_INFORMATION GIVEN_
※
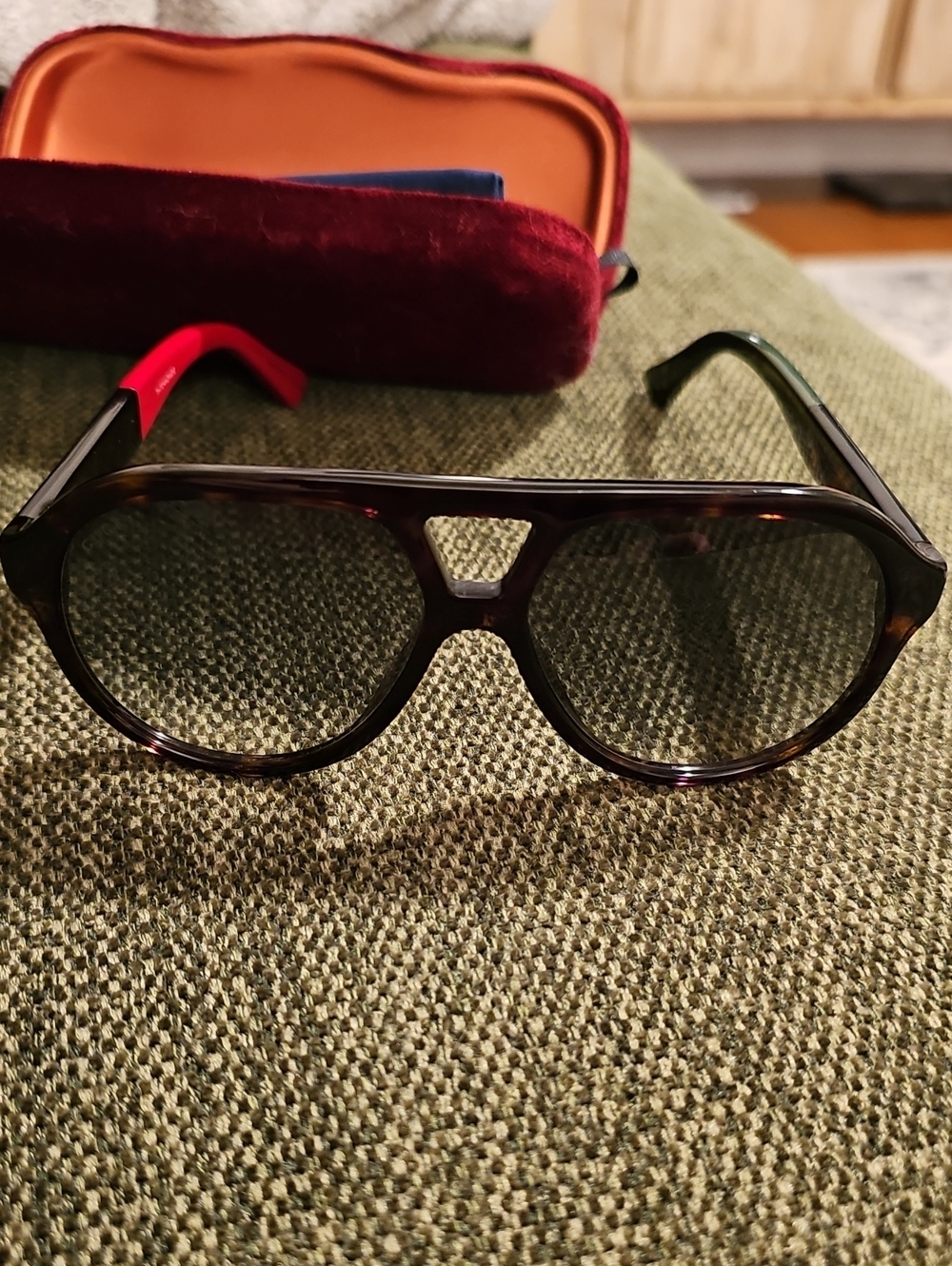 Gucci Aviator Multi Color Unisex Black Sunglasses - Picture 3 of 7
※
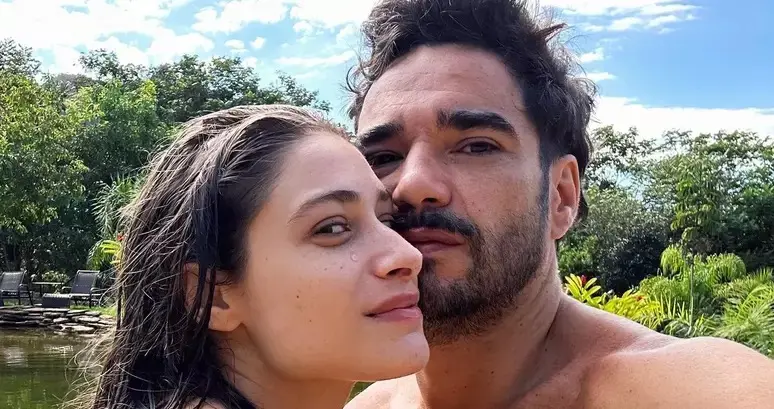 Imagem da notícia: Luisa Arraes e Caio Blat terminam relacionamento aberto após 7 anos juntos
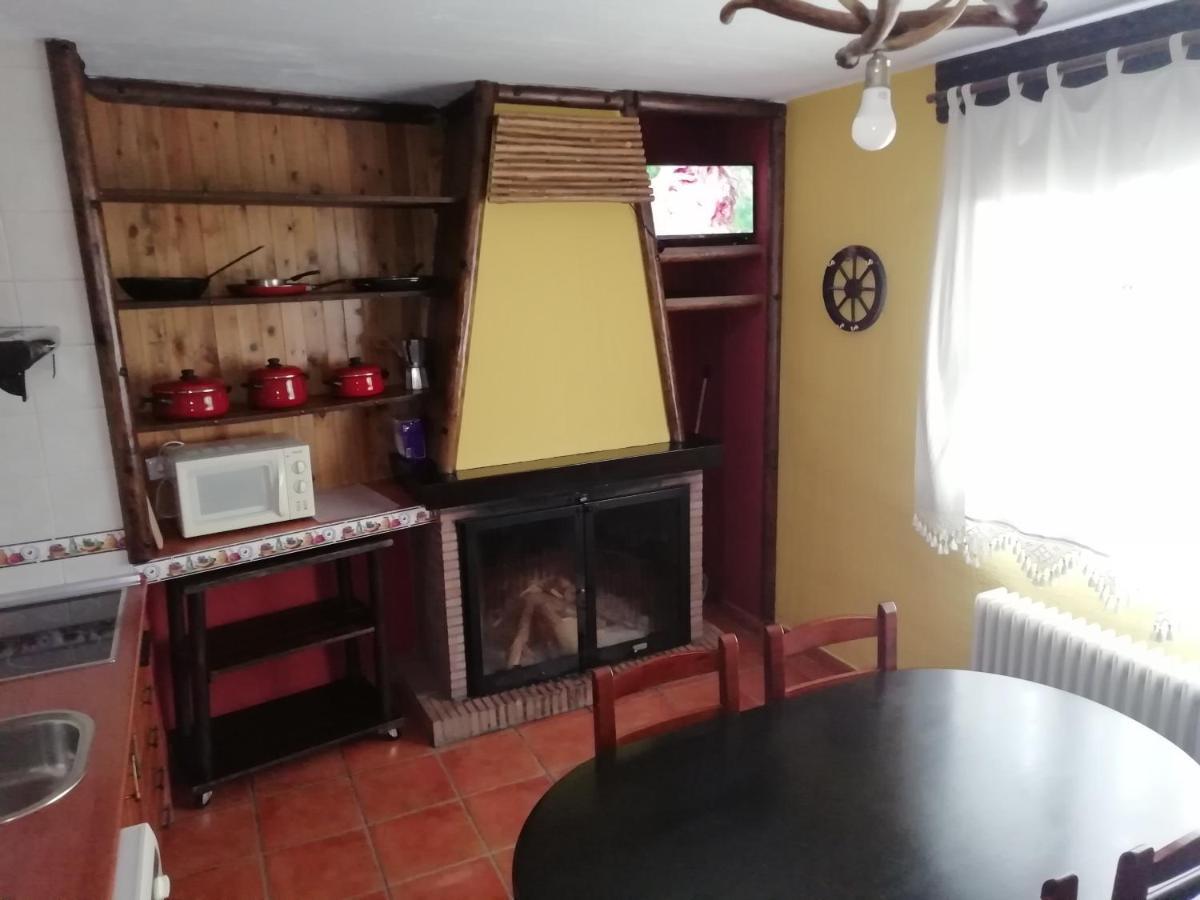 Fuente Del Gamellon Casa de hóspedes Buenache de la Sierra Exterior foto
※
_WHAT THE TASK REQUIRES_
Every line above in the stretch from the one with "Imagem da notícia: Luisa" through the one with "Fuente Del Gamellon" is to be transcribed exactly, ends included. No picture is copied.

_RESULT BELOW_
 Imagem da notícia: Luisa Arraes e Caio Blat terminam relacionamento aberto após 7 anos juntos
 Fuente Del Gamellon Casa de hóspedes Buenache de la Sierra Exterior foto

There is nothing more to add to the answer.